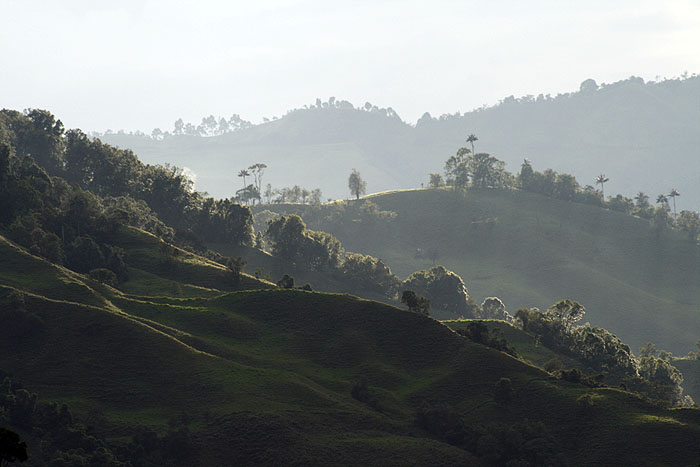CO0208EM156_cocora_valley.jpg [&copy; Last Frontiers Ltd]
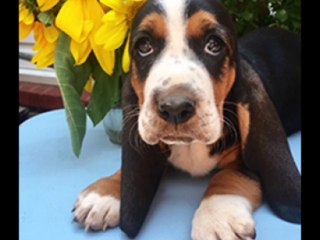 basset hound puppies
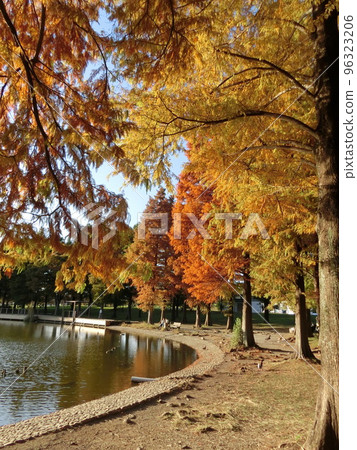 秋天的公園 秋天的公園 96323206
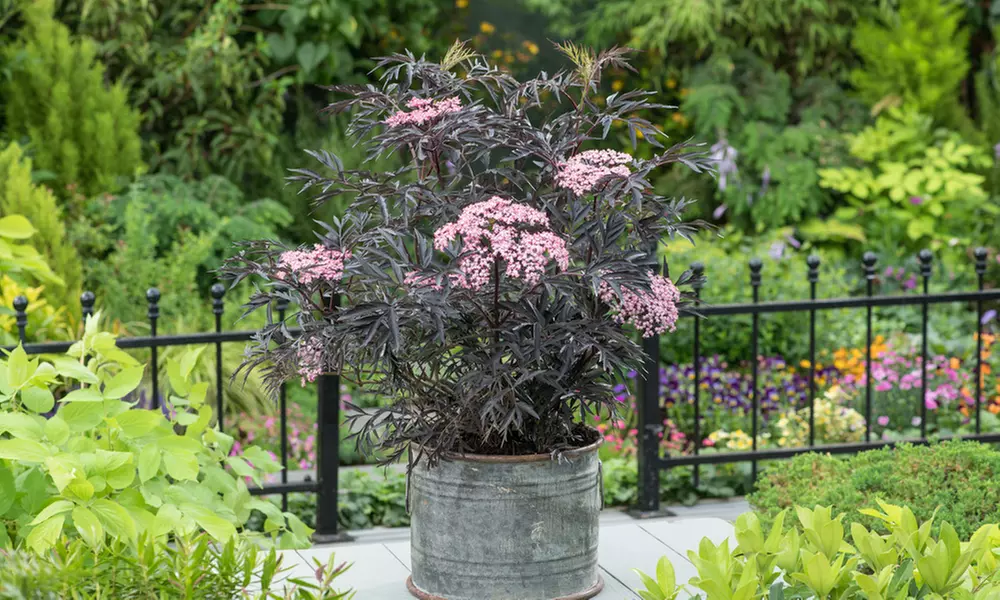 Lot de 2 arbustes de Sureau noir Sambucus nigra, livrés avec pot - Primary Image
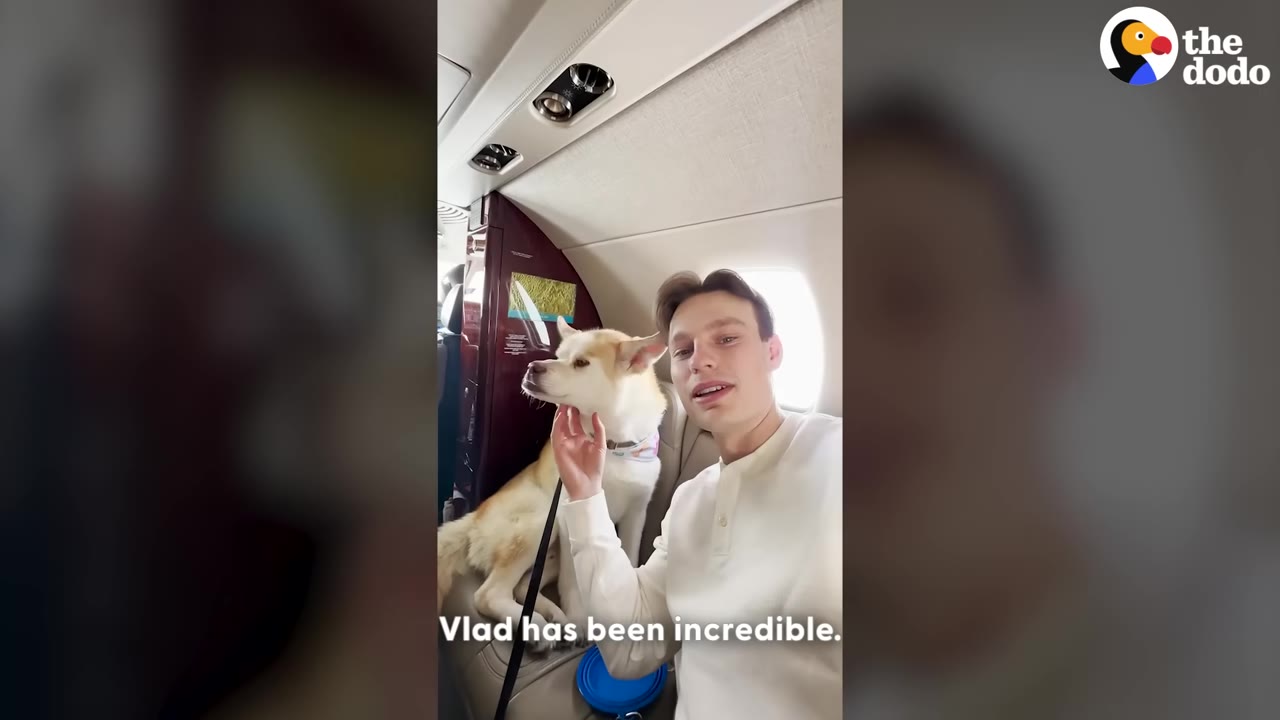 A light-colored dog sits on a leather seat inside a private plane cabin next to a man in a white shirt who is gently petting the dog's chin.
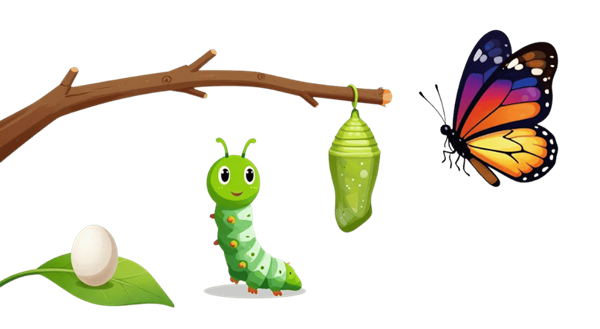 Metamorphose des Schmetterlings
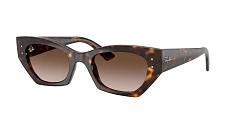 Оправа Ray-Ban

§

» **Your goal**
Reproduce word for word the lines running from the line with "A light-colored dog" through the end of the data, both included, and nothing else; leave out the pictures.

» **Answer to this problem**
 A light-colored dog sits on a leather seat inside a private plane cabin next to a man in a white shirt who is gently petting the dog's chin.
 Metamorphose des Schmetterlings
 Оправа Ray-Ban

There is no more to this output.